JAMBI EKSPRES:
Kasus Ahmadiyah
Presiden dan Menteri Tak Sejalan
Sabtu, 19 Februari 2011 | 20:18 WIB
Keberadaan Ahmadiyah menuai pro dan kontra di berbagai lapisan masyarakat Indonesia. Sejumlah ormas garis keras menuntut Ahmadiyah dibubarkan karena dianggap menyimpang dari ajaran Islam, sementara di sisi lain sebagian masyarakat justru meminta ormas-ormas garis keras yang dibubarkan karena melakukan kekerasan terhadap umat Ahmadiyah.
Namun, ternyata bukan hanya masyarakat saja yang bersilang pendapat.
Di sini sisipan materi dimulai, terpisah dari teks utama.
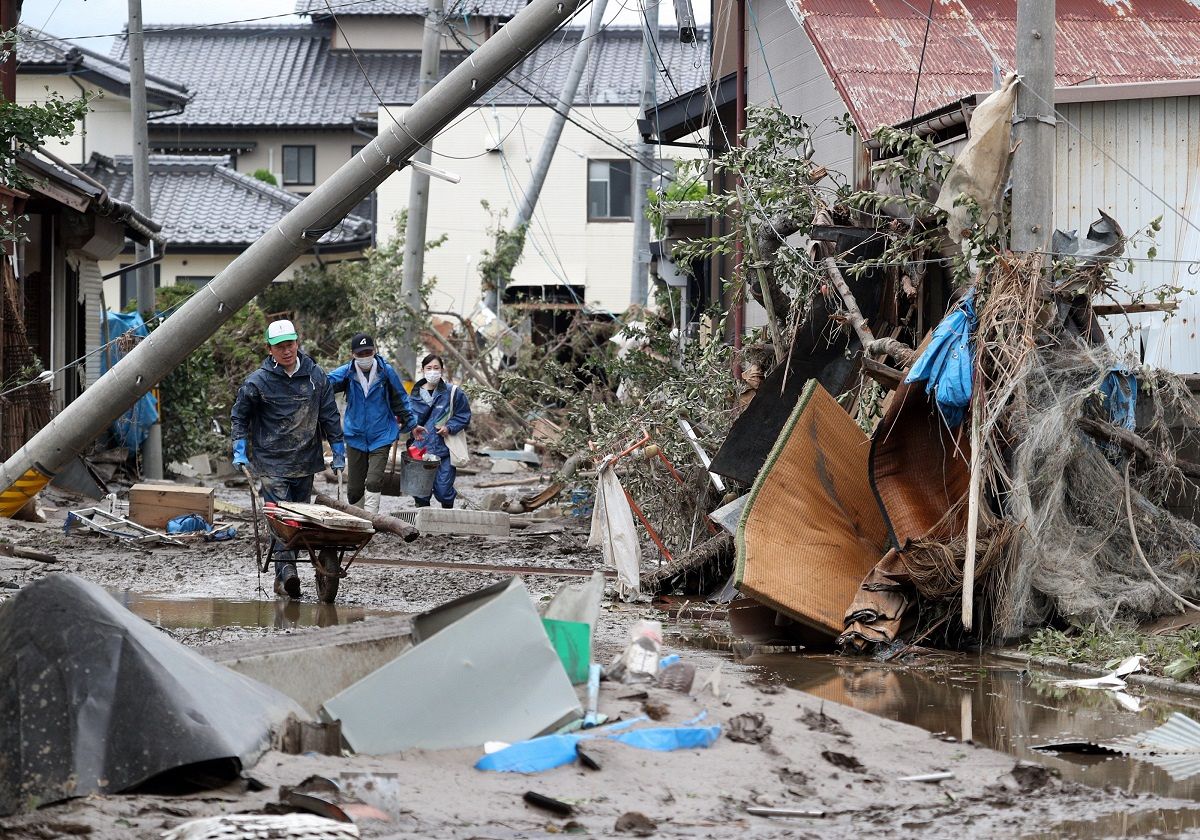 電柱が傾き泥の残る道を、一輪車で廃棄物を運ぶ人ら。この被害をもたらした台風19号は温暖化によって降水量が増えていたと分析された＝2019年10月15日、長野市で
Juga terdapat indikasi antara Presiden dan mandatarisnya, dalam hal ini menteri, justru turut tidak sejalan menangani persoalan kekerasan terhadap umat Ahmadiyah.
"Kita lihat Presiden itu bisa dikatakan ucapannya otoritatif kalau mandataris atau dalam hal ini adalah menterinya menjadi ukuran. Pada kenyataannya, Presiden bilangnya tidak boleh ada toleran terhadap organisasi masyarakat yang berpotensi kekerasan, tapi kemudian kita tahu Menteri Agama justru mengatakan Ahmadiyah yang harusnya dibubarkan," jelas pengamat politik, Yudi Latif saat menjadi pembicara dalam peluncuran Institut Gerakan di Gedung LIPI, Sabtu (19/2/2011).
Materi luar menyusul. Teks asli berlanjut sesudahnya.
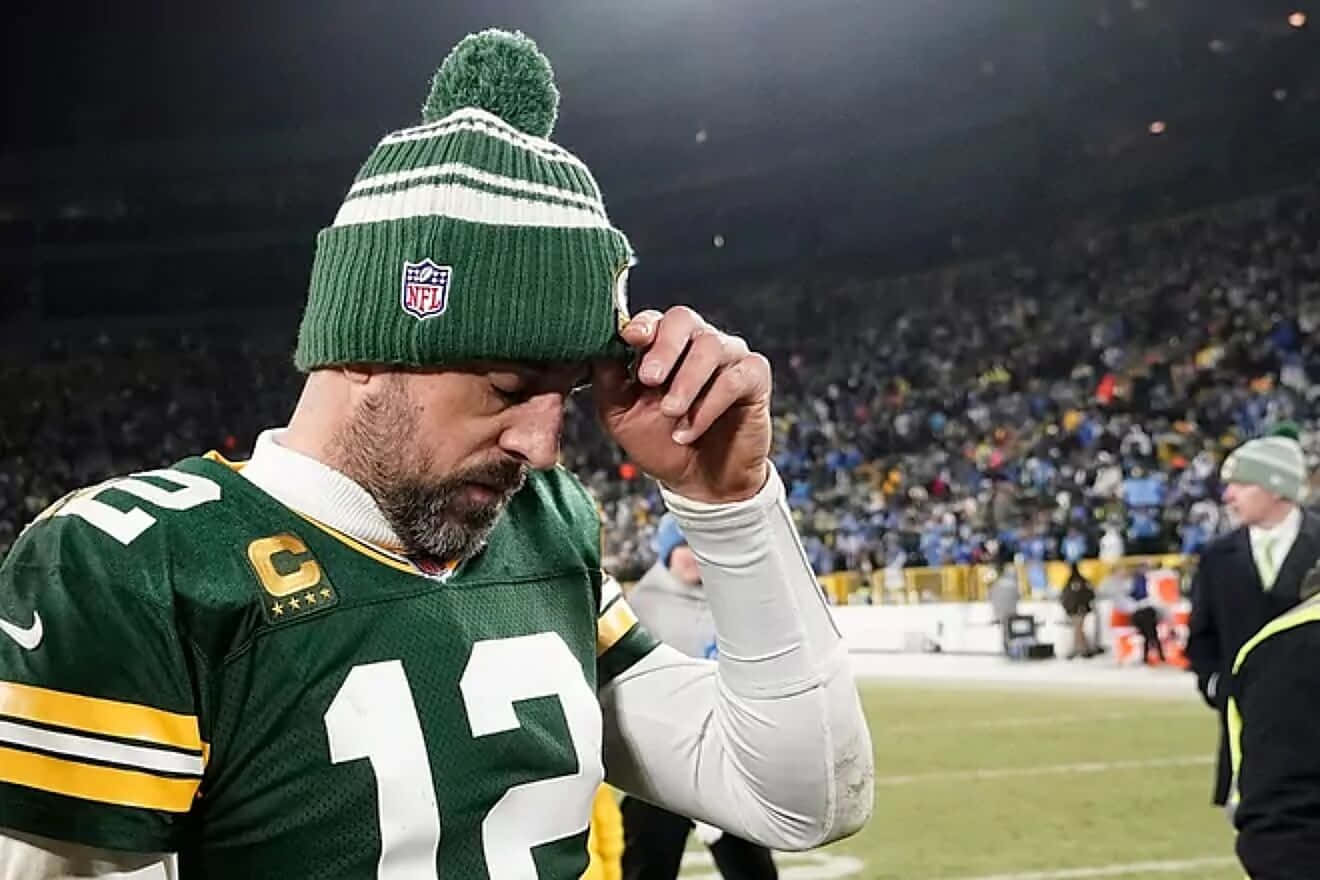 Aaron Rodgers 桌布 壁紙 — 一位身穿綠金球衣的綠灣包裝工四分衛在明亮的燈光下，於積雪的球場上調整他的無邊帽。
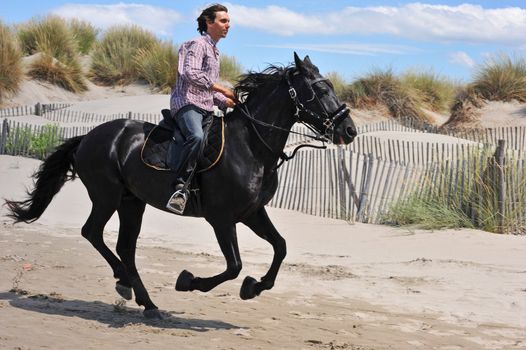 galloping black stallion and his rider on the beach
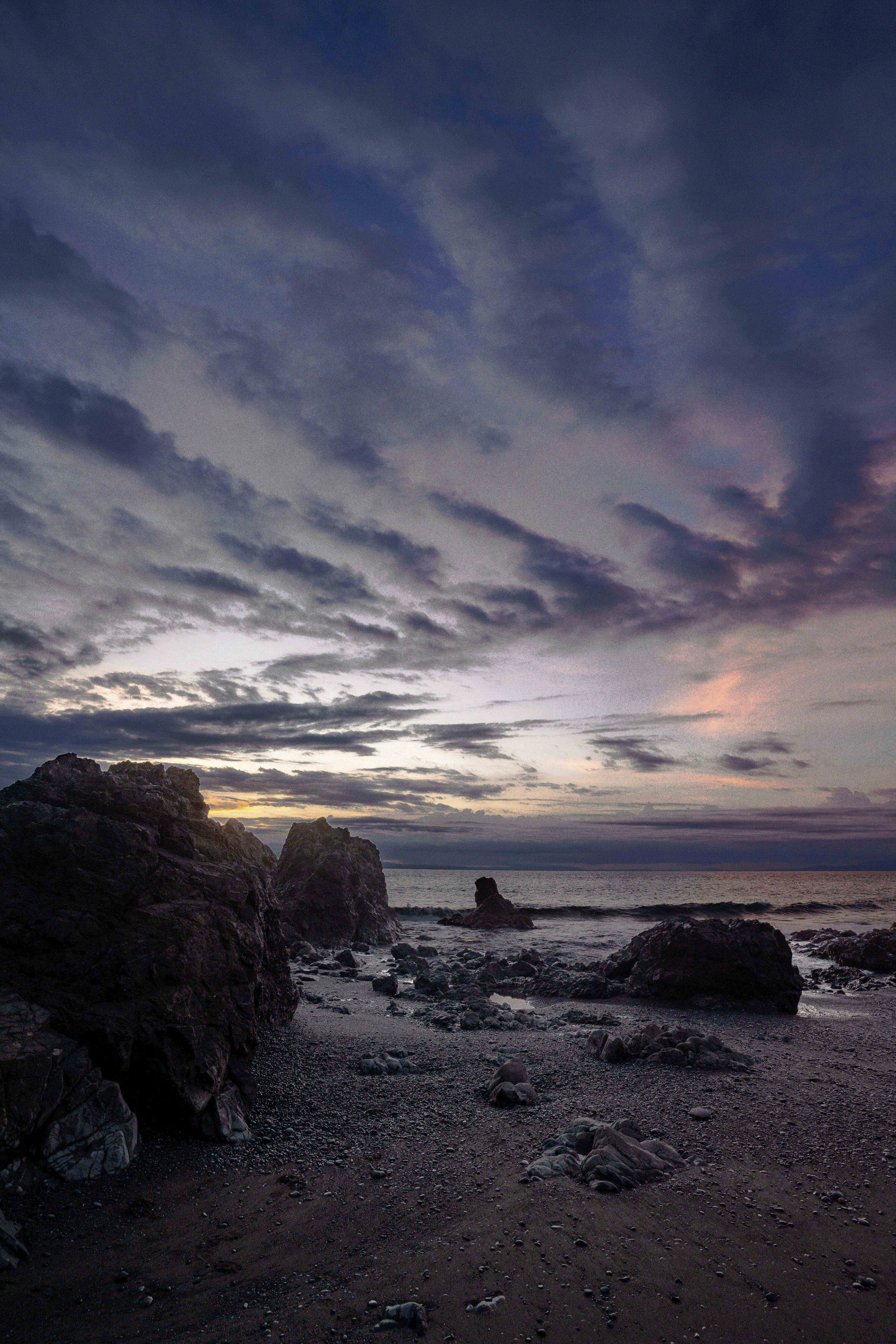 A beach at dusk with rocky shoreline, dark clouds in the sky, and the ocean in the background.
Pernyataan Presiden Susilo Bambang Yudhoyono untuk membubarkan ormas berpotensi kekerasan disampaikan saat Presiden mengikuti peringatan Hari Pers Sedunia di Kupang, NTT, Selasa 09 Februari lalu.
Sementara Menteri Agama, Suryadharma Ali, justru mengeluarkan sejumlah pernyataan yang berindikasi perencanaan membubarkan Ahmadiyah. Dalam hal ini, ia menyarankan Ahmadiyah untuk keluar dari agama Islam sehingga terbebas dari pemahaman ajaran yang sesat menurutnya.
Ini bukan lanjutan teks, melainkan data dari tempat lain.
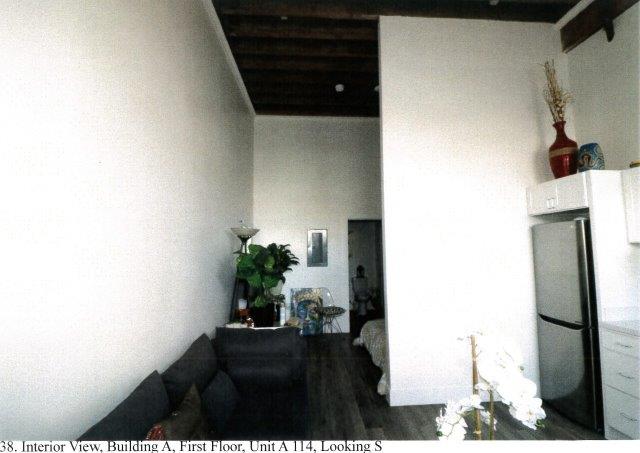 After: Interior view of apartment showing kitchen and bedroom area beyond. Beamed ceiling is retained.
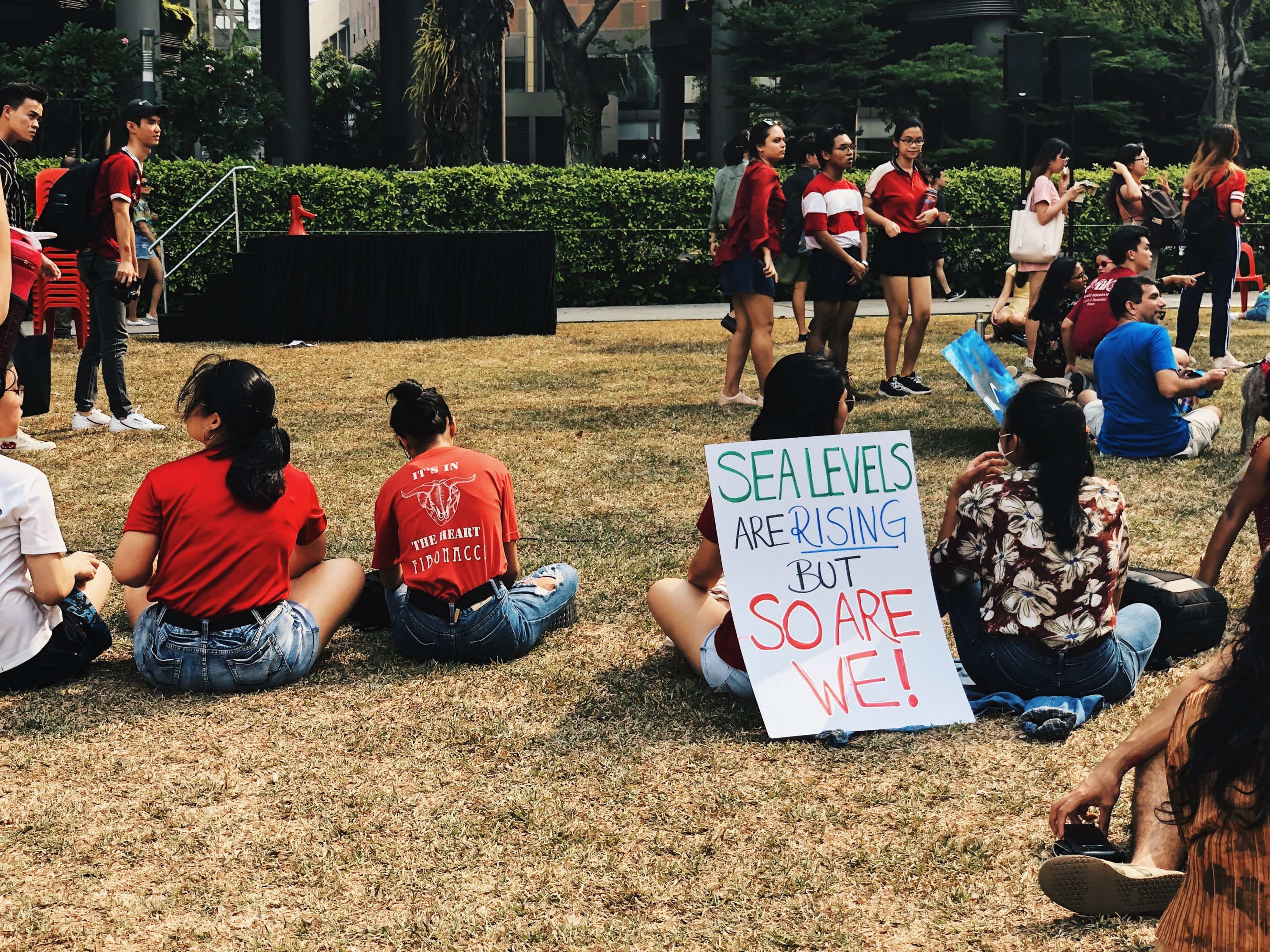 Activists sit at protests with sign that reads 'sea levels are rising, but so are we!'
Pernyataan-pernyataan Suryadharma sejak kasus kekerasan Ahmadiyah di Indonesia memang mendapat kecaman dari sebagian masyarakat yang menjunjung tinggi kebebasan berkeyakinan.
Sementara itu, pidato SBY mengenai pembubaran ormas dianggap isapan jempol semata oleh berbagai kalangan. Pasalnya, belum ada langkah tegas untuk merealisasikan pembubaran ormas-ormas garis keras tersebut.